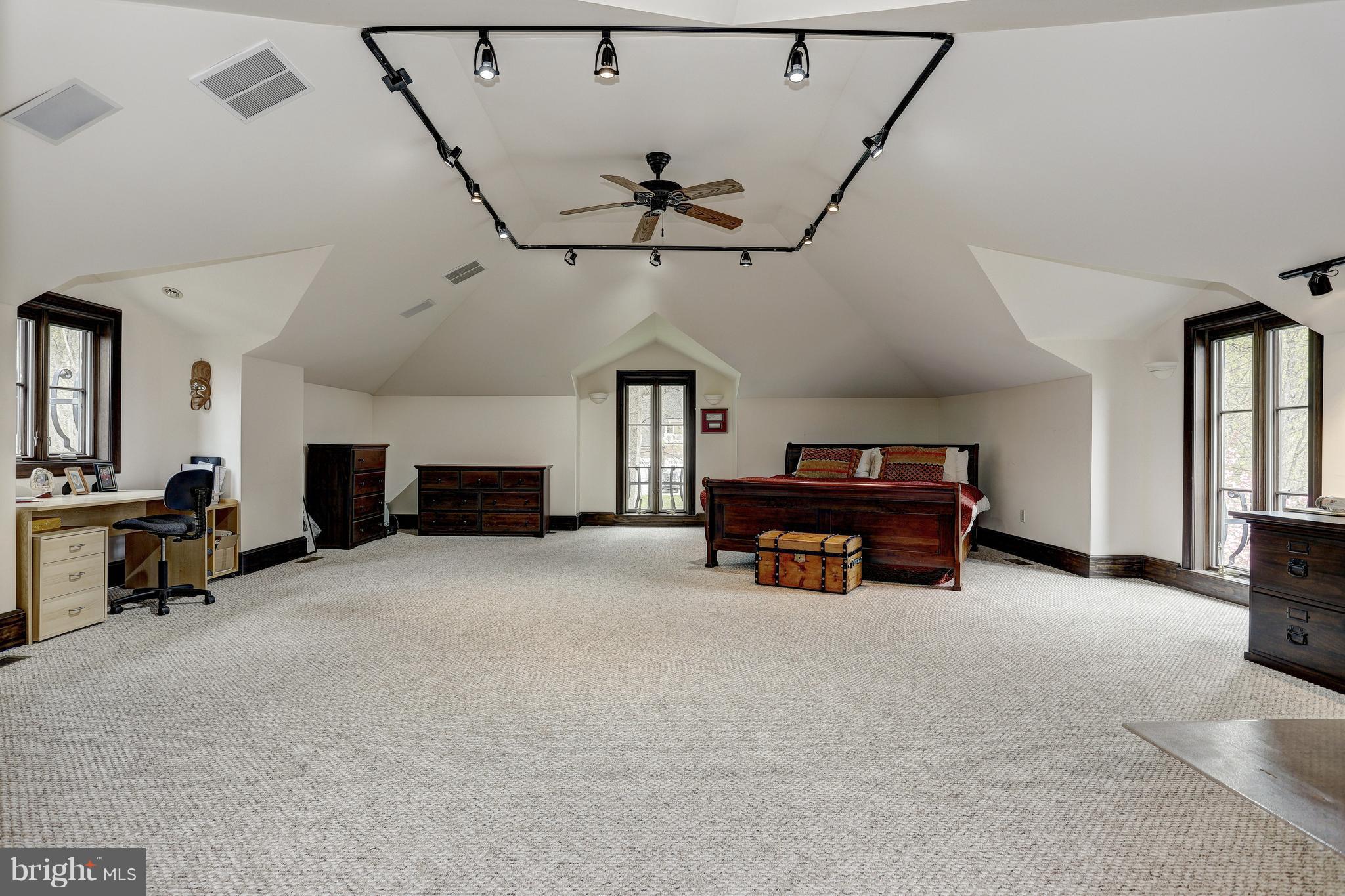 CLOVERLAND FARMS - Farm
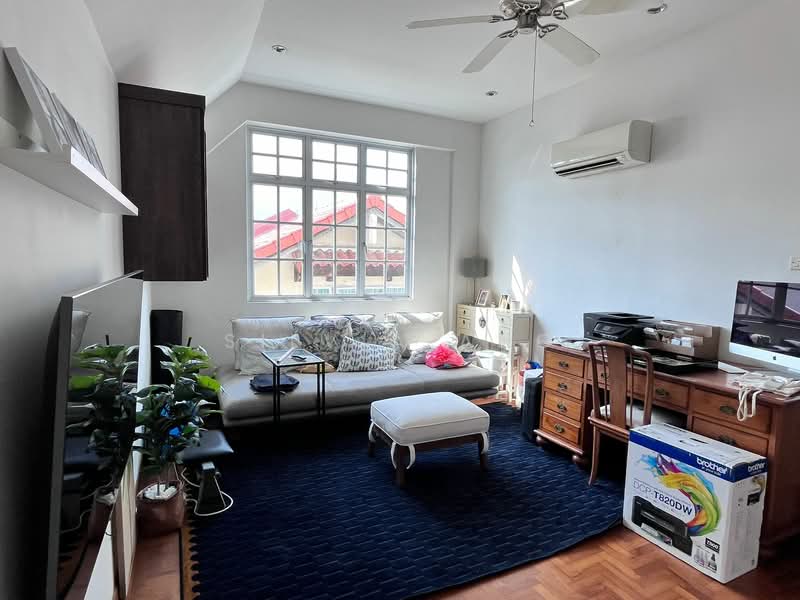 Bowmont Gardens, Bowmont Gardens, 5 Bedrooms, 3,200 sqft, Semi-Detached House For Rent, by Silvia Ang, 23989274 - PropertyGuru.com.sg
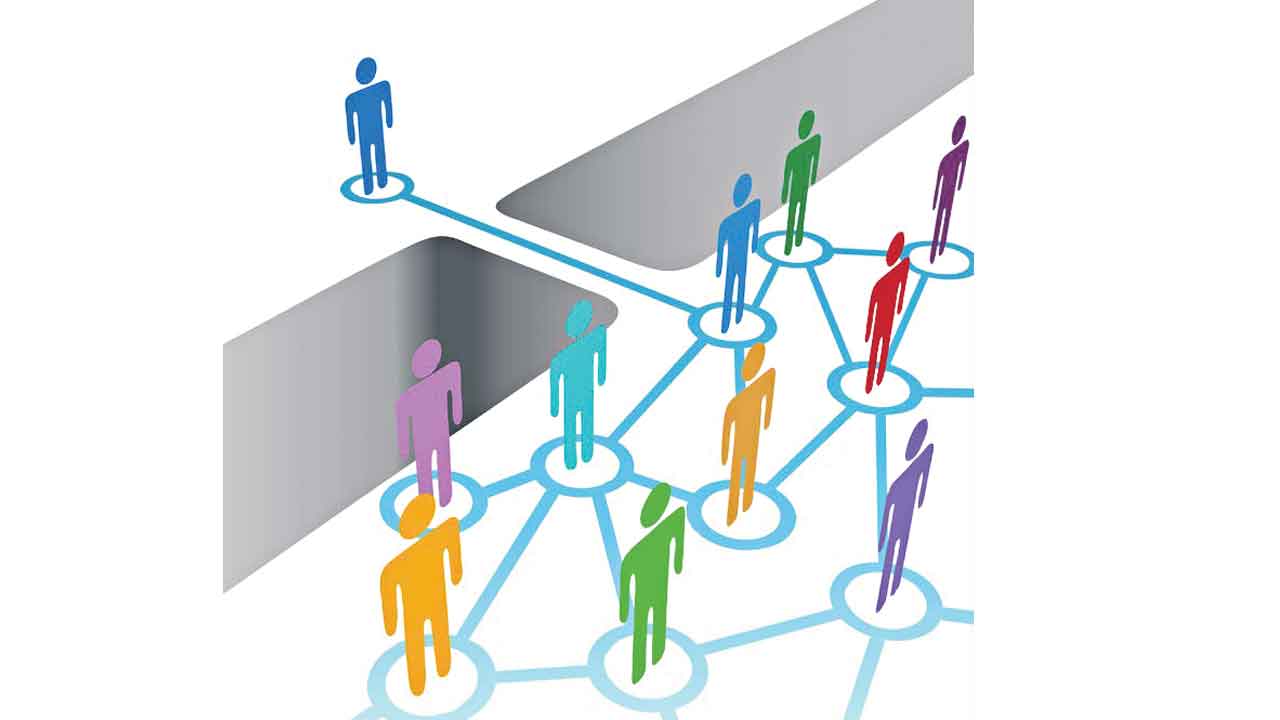 టీచర్ల బదిలీలు, ప్రమోషన్లకు బ్రేక్‌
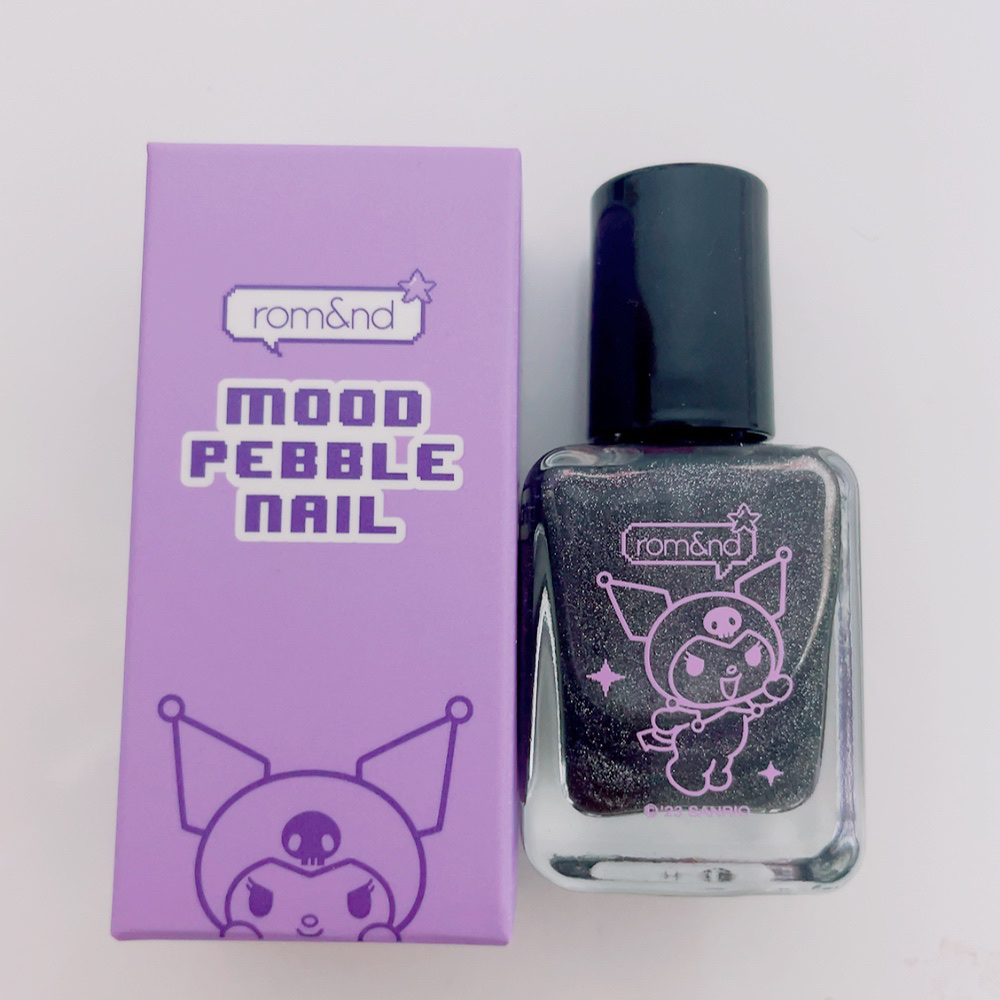 クロミムードペブルネイル 28デビルズ/rom&nd/マニキュアを使ったクチコミ（2枚目）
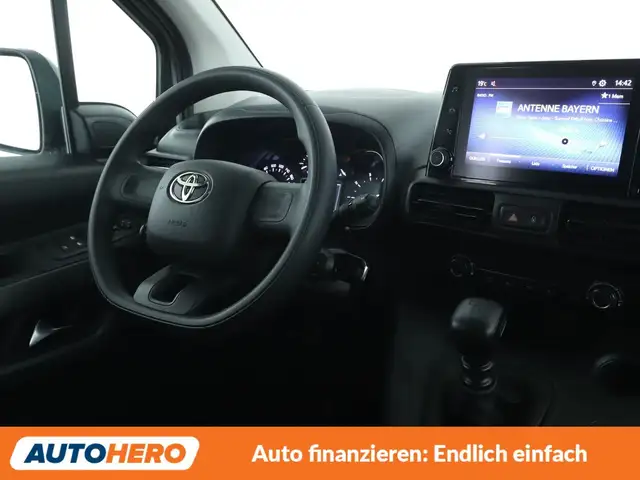 Toyota Proace City view 13
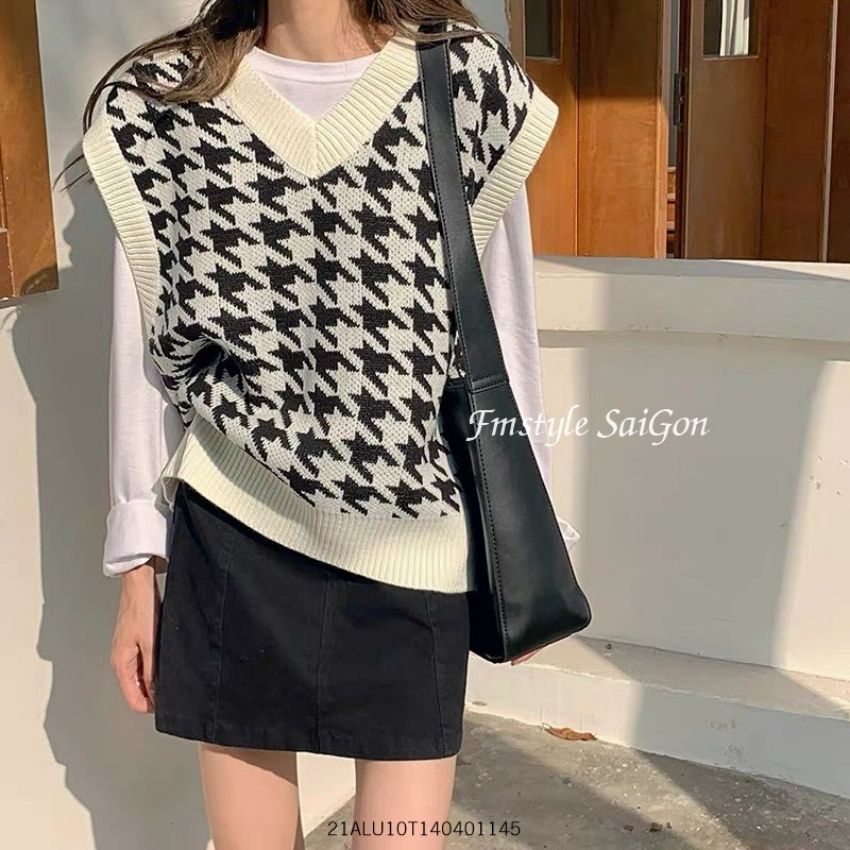 Áo len gile nữ dáng rộng cardigan kẻ ô phong cách hàn quốc oversize ulzzang thu đông Fmstyle Saigon 21ALU10T140401
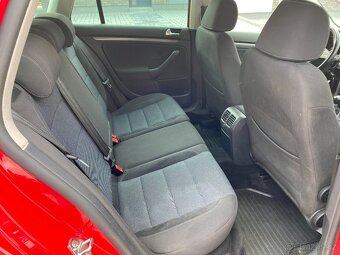 VW Golf kombi 1.6 TDI, 77 kW, r. 2012, klima, nová STK - 16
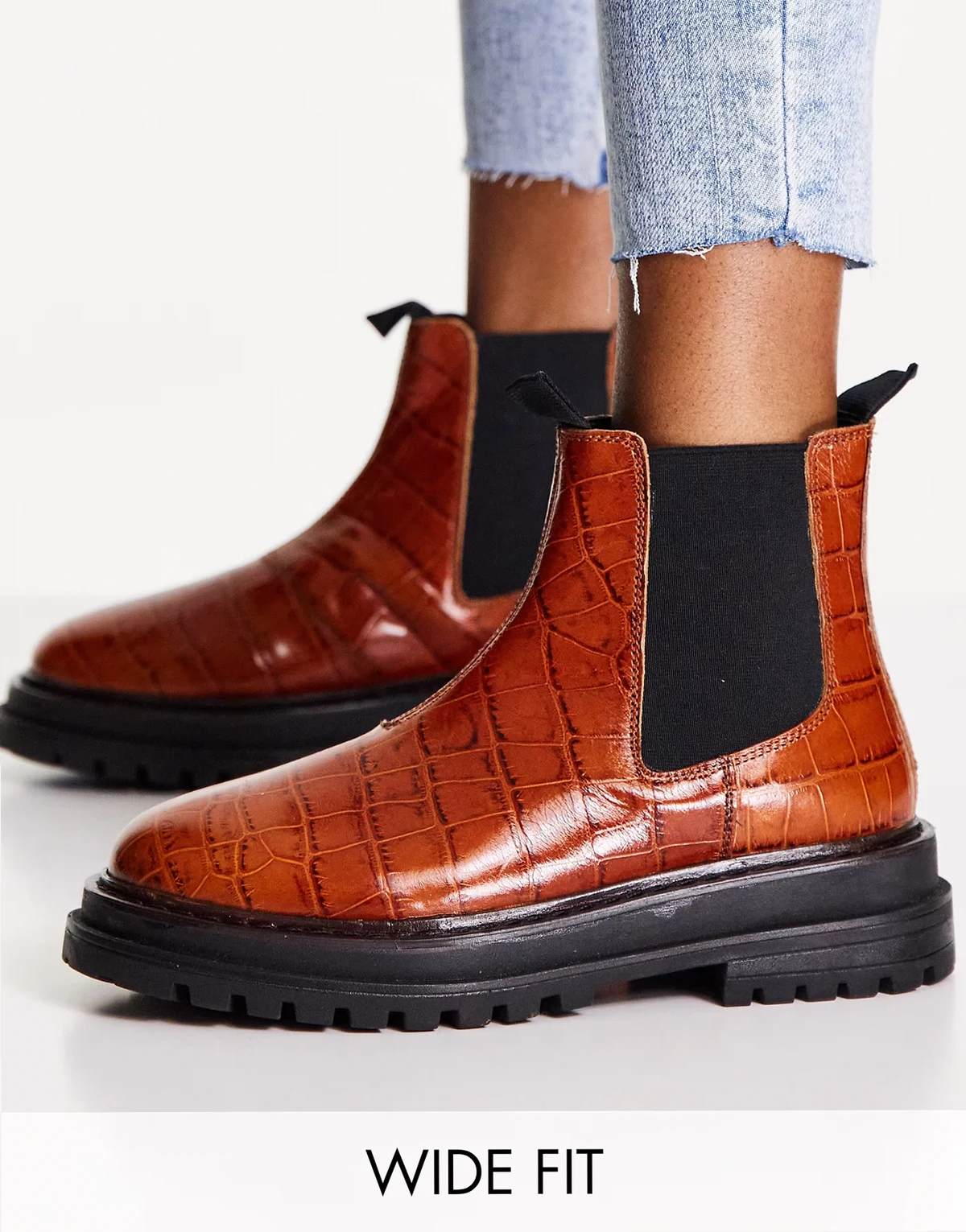 ASOS DESIGN – Appreciate – Chelsea-Stiefel in weiter Passform aus Leder in Braun mit Kroko-Design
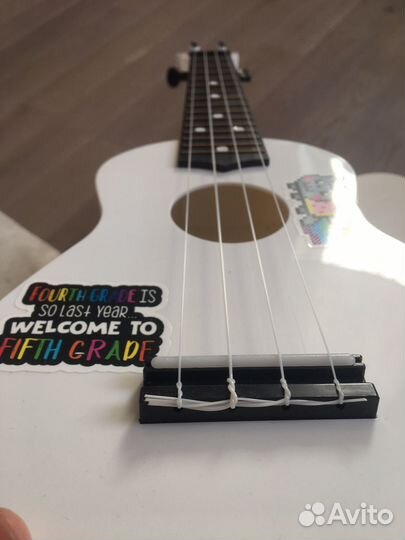 Гитара укулеле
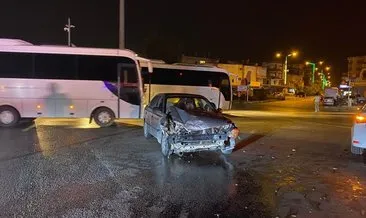 Antalya’da otomobil ile ticari araç çarpıştı: 3 yaralı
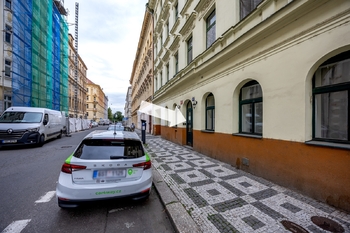 Vstup do domu - Prodej obchodních prostor 66 m², Praha 7 - Holešovice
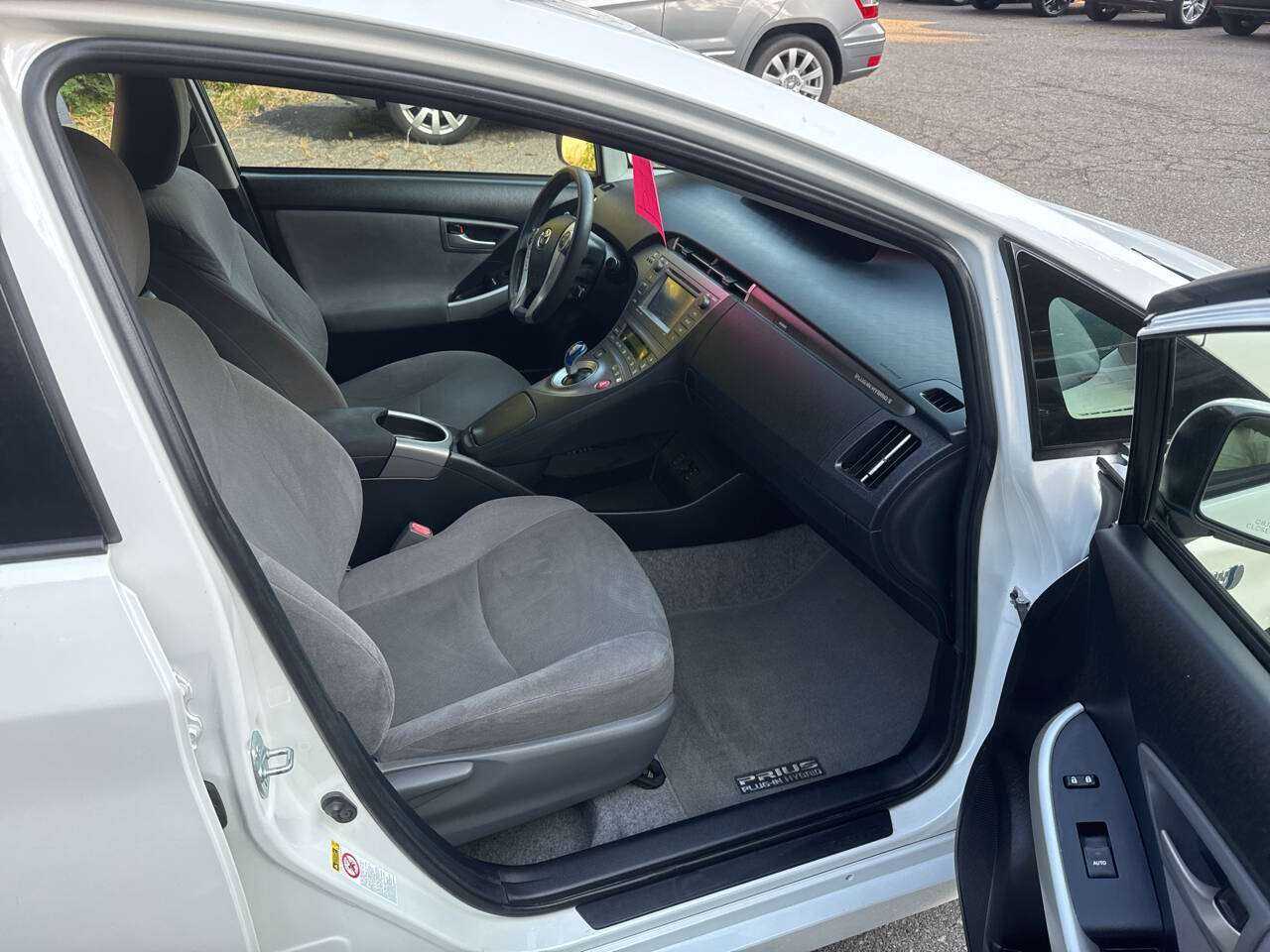 Toyota Prius Plug-in Hybrid Image 6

WORK TO BE COMPLETED -> Repeat the material above exactly. Leave every picture out of it.

TASK RESPONSE ->
 CLOVERLAND FARMS - Farm
 Bowmont Gardens, Bowmont Gardens, 5 Bedrooms, 3,200 sqft, Semi-Detached House For Rent, by Silvia Ang, 23989274 - PropertyGuru.com.sg
 టీచర్ల బదిలీలు, ప్రమోషన్లకు బ్రేక్‌
 クロミムードペブルネイル 28デビルズ/rom&nd/マニキュアを使ったクチコミ（2枚目）
 Toyota Proace City view 13
 Áo len gile nữ dáng rộng cardigan kẻ ô phong cách hàn quốc oversize ulzzang thu đông Fmstyle Saigon 21ALU10T140401
 VW Golf kombi 1.6 TDI, 77 kW, r. 2012, klima, nová STK - 16
 ASOS DESIGN – Appreciate – Chelsea-Stiefel in weiter Passform aus Leder in Braun mit Kroko-Design
 Гитара укулеле
 Antalya’da otomobil ile ticari araç çarpıştı: 3 yaralı
 Vstup do domu - Prodej obchodních prostor 66 m², Praha 7 - Holešovice
 Toyota Prius Plug-in Hybrid Image 6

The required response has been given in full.